1.
The front room is Heather’s studio, where paint still glistens on a portrait of a goon bag pegged to a Hill’s Hoist. The back verandah is a filled-in slither of bathroom, with toilet at one end and shower at the other. In the photo on the plaque, the house is just a gift box: one room, ribbon of balcony.

2.
Heather tells me the place isn’t fire-safe. There’s one exit, and all the windows have security screens. From outside, the house is a child’s drawing, an outbreak of oversized windows. Down the road, Heather pitched successfully to paint the house on a traffic box: in the picture, it levitates, clinging to its roots, as if plucked whole from its plot.

3.
The Windsor–Enoggera Line opened on 5 February, 1899. That year, a railway employee bought the small house opposite. Roads ate away at its land until it stood on 73.3 square metres, the smallest block in Brisbane.

4.
One night, a drunk sitting on the kerb began to yell.
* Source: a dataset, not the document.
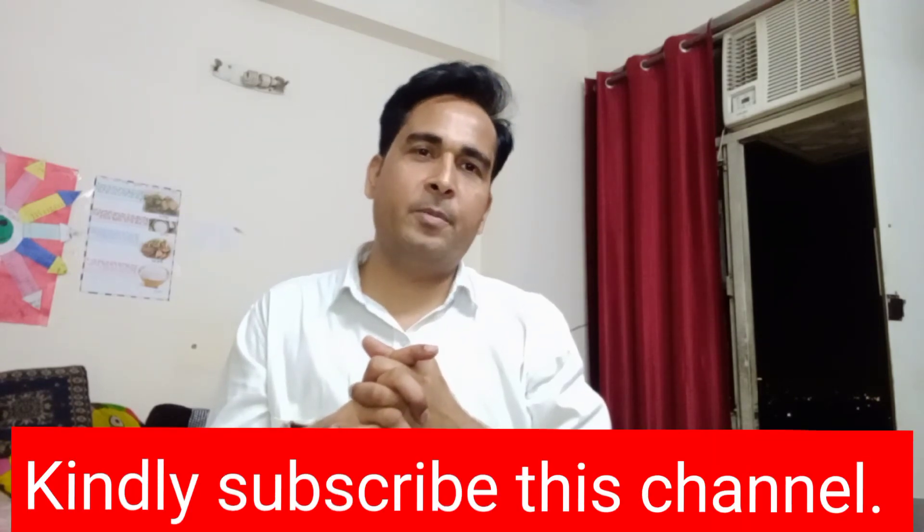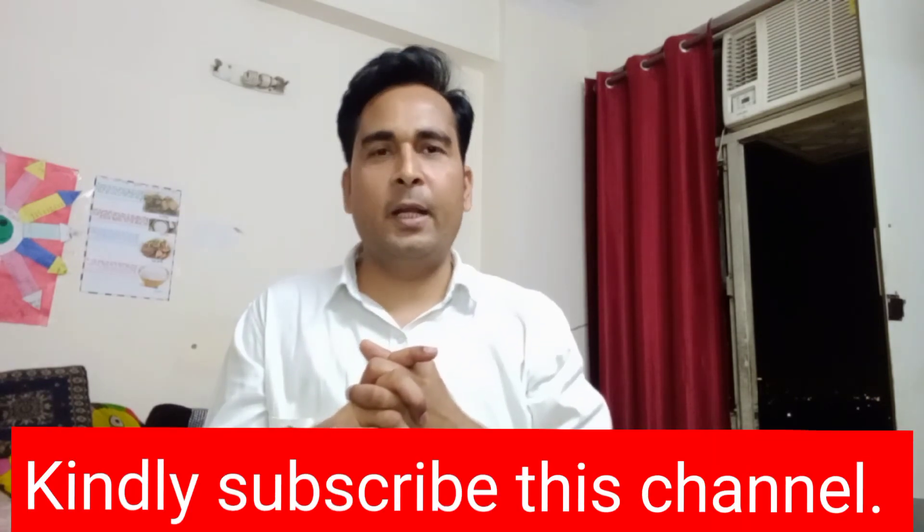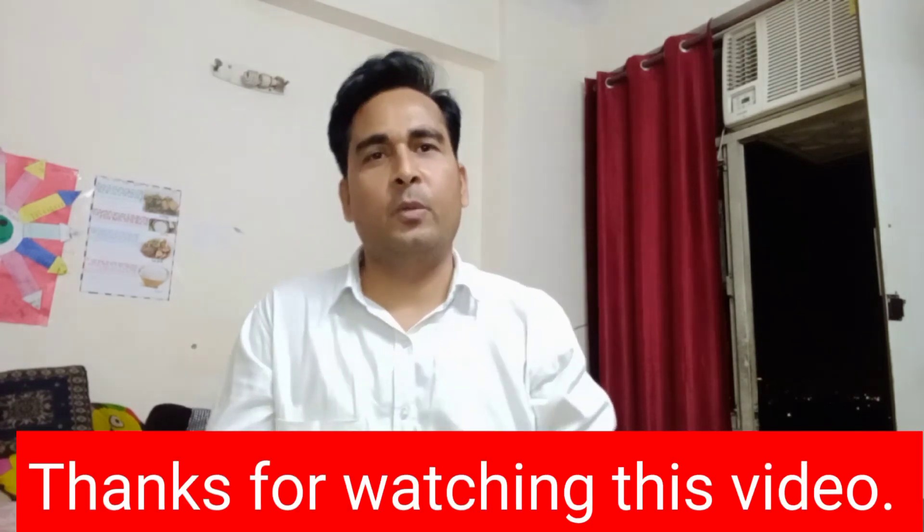I hope this video was helpful. You can like and share this video with your friends, and subscribe to this channel for more. Thank you so much for watching.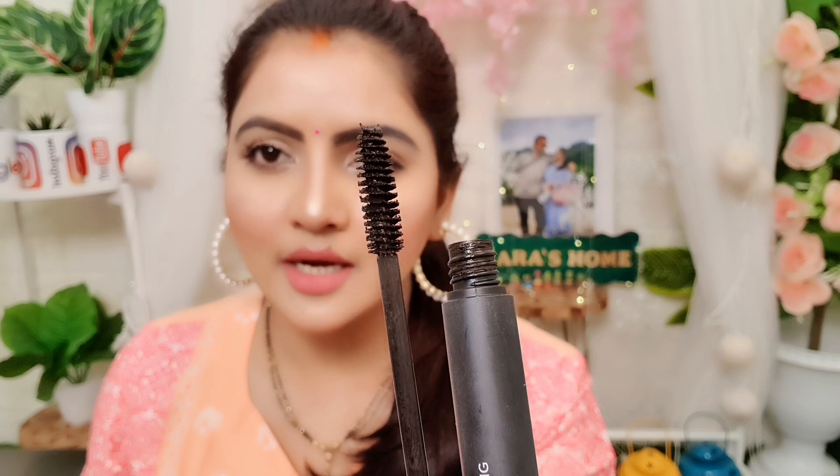It has good packaging and a brush like this — you can see the brush here. This mascara is in black colour but it does not give a fuller look to lashes. It is thick and if you apply it, you get clumpy lashes.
Heather ignored him, until she realised he was shouting at the house. “Why would you have so many windows? Why! Why so many windows on a tiny house?!” Heather turned off all the lights and waited.

5.
With its wraparound windows, the house is ready to lift off into space. In the traffic box portrait, perhaps a UFO has used its tractor beam to take the house for dissection – or to probe the tiny-house movement.

6.
The house’s panopticon of windows has witnessed Windsor’s underbelly: fatal crashes, car chases, nearby holdups, drug deals. Heather’s succulents often vanish off the steps. The drunk offended by windows later sang to the street that he needed to take a piss, so “no one call the cops or watch my dick.” At dawn, he woke Heather by whaling on the garbos, then the cops.

8.
Tom O’Brien fitted all the modcons in 1956. The house cost him £500. He fell in love from the train window, and dreamed big things for the little house: demolished the outhouse in the pocket-square garden, connected water, and closed in the sleep-outs.

9.
A dollhouse stands in the shadow of McMansioned Queenslanders. At the inspection the day Heather applied to rent, she watched nervous couples size up the house – and each other. She’s always wanted to live alone.